The past and future of open hardware July 25, 2022 on Drew DeVault's blog

They say a sucker is born every day, and at least on the day of my birth, that certainly may have been true. I have a bad habit of spending money on open hardware projects that ultimately become vaporware or seriously under-deliver on their expectations. In my ledger are EOMA68, DragonBox Pyra, the Jolla Tablet — which always had significant non-free components — and the Mudita Pure, though I did successfully receive a refund for the latter two.1

There are some success stories, though. My Pine64 devices work great — though they have non-free components — and I have a HiFive Unmatched that I’m reasonably pleased with. Raspberry Pi is going well, if you can find one — also with non-free components — and Arduino and products like it are serving their niche pretty well. I hear the MNT Reform went well, though by then I had learned to be a bit more hesitant to open my wallet for open hardware, so I don’t have one myself. Pebble worked, until it didn’t. Caveats abound in all of these projects.

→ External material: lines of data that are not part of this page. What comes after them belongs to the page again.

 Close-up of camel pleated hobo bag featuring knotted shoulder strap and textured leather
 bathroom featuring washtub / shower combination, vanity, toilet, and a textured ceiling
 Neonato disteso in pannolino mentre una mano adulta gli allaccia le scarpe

What does open hardware need to succeed, and why have many projects failed? And why do the successful products often have non-free components and poor stock? We can’t blame it all on the chip shortage and/or COVID: it’s been an issue for a long time.

I don’t know the answers, but I hope we start seeing improvements. I hope that the successful projects will step into a mentorship role to provide up-and-comers with tips on how they made their projects work, and that we see a stronger focus on liberating non-free components. Perhaps Crowd Supply can do some work in helping to secure investment2 for open hardware projects, and continue the good work they’re already doing on guiding them through the development and production processes.

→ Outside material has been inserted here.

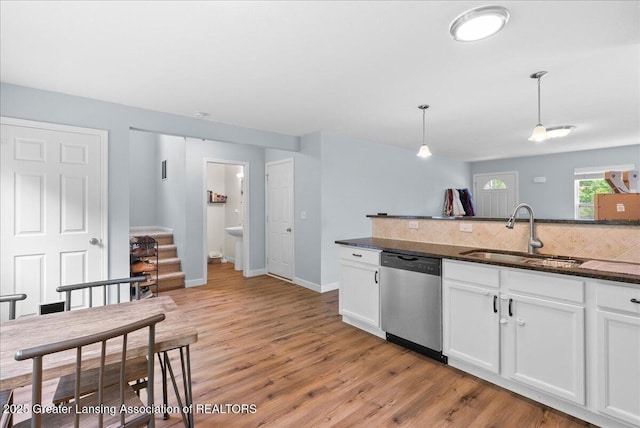 460 Blue Spruce Ln, Mason, MI 48854 - kitchen featuring stainless steel dishwasher, light wood finished floors, white cabinets, and tasteful backsplash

Part of this responsibility comes down to the consumer: spend your money on free projects, and don’t spend your money on non-free projects. But, we also need to look closely at the viability of each project, and open hardware projects need to be transparent about their plans, lest we get burned again. Steering the open hardware movement out of infancy will be a challenge for all involved.

Are you working on a cool open hardware project? Let me know. Explain how you plan on making it succeed and, if I’m convinced that your idea has promise, I’ll add a link here.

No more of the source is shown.